The Test [? The Lesson]. Oil on canvas, 31 X 23 inches (79 X 58.5 cm). Collection of Wadsworth Athenaeum, Hartford, CT, accession no. 1984.5.

There is some controversy as to whether this early work by Armstrong is The Test, exhibited at the Royal Academy in 1865, no. 573, or The Lesson, exhibited at the Royal Academy in 1867, no. 594. Although the painting is dated 1865, which would tend to favour the former, it closely fits contemporary descriptions of The Lesson. This picture seems transitional between Armstrong's works of social realism and his later purely Aesthetic Movement works. It features a tall middle-class woman with a classical hairstyle in a flowing green-black Medieval-inspired "Aesthetic" dress with a long string of pearls around her neck. She is shown leaning against a mantelpiece with an apple in her right hand and a book in her left. The room is very much an Aesthetic Movement interior. On the mantelpiece are accessories definitely inspired by the Aesthetic Movement – a late Ming blue and white dish, china beloved of Whistler and Rossetti, a large white Japanese 19th century charger, while peacock feathers droop out of a vase. Blue and white Delft tiles line the fireplace. The woman and the young girl are standing on a cheetah skin rug, similar to ones featured in the work of artists like Simeon Solomon or Albert Moore. The walls are decorated in the olive green and gold tones later satirised by Gilbert and Sullivan in their "greenery-yallery Grosvenor Gallery" line from the opera Patience from 1881 that mocked the Aesthetic Movement.

F. G. Stephens in The Athenaeum was impressed by this work: "Mr.
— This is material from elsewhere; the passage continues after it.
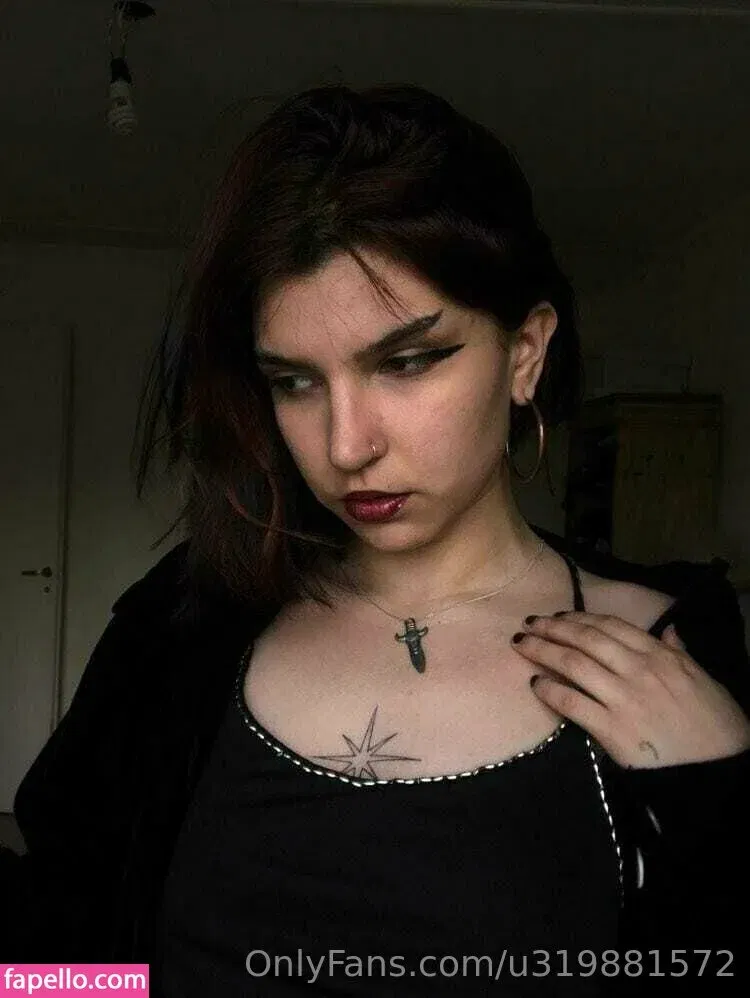 lola_deinnn Onlyfans Photo Gallery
T. Armstrong's name is not well known, but should be more so on account of his picture The Lesson (594): a young mother, who, standing by a fireplace, with old plates upon its shelf, is teaching her little child. This artist has a dry, rather uncommon mode of painting, much good feeling for colour and nature in a very pretty order of expression" (697-98). The illustrated London News complained about the quality of draughtsmanship in the figures: "Two pictures by Mr. Armstrong, 'Peach Gathering' (486) and a domestic interior subject (594), afford a grateful relief to eyes fatigued with the general garishness of the exhibition by their quiet, unvulgar, greyish scale of coloring. The hues, however, have very little artistic harmony, and the ridiculously-thin figures are weakly drawn" (519)

Bibliography

"Fine Arts. Exhibition of the Royal Academy." The Illustrated London News L (May 25, 1867): 519.

"Nineteenth Century European Paintings, Drawings and Sculpture" . London: Sotheby's (November 22, 1983): lot 55.

Stephens, Frederic George. "Fine Arts. Royal Academy." The Athenaeum No. 2065 (May 25, 1867): 697-98.